To do
Return, from the listing that follows, each line containing the word "Decor".

----- Available data

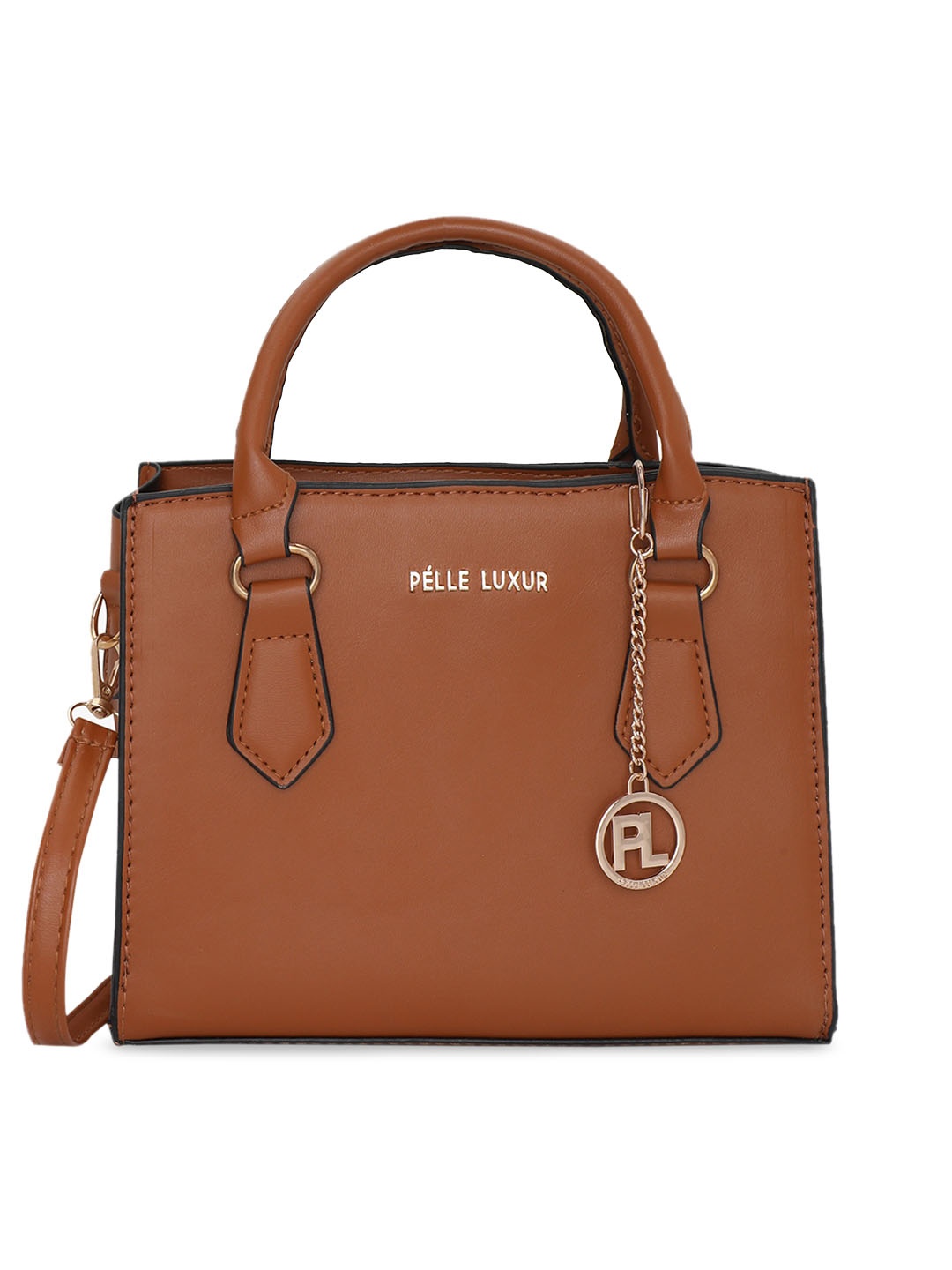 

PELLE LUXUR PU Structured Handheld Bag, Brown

----------
----- Available data

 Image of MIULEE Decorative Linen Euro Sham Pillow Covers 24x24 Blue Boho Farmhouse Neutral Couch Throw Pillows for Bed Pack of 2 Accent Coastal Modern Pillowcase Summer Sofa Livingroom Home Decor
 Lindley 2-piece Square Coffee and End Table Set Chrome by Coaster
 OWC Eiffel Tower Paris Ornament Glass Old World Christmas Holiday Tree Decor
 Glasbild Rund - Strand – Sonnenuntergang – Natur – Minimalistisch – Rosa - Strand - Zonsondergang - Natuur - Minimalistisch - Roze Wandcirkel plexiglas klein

----------

Response for this exercise
 Image of MIULEE Decorative Linen Euro Sham Pillow Covers 24x24 Blue Boho Farmhouse Neutral Couch Throw Pillows for Bed Pack of 2 Accent Coastal Modern Pillowcase Summer Sofa Livingroom Home Decor
 OWC Eiffel Tower Paris Ornament Glass Old World Christmas Holiday Tree Decor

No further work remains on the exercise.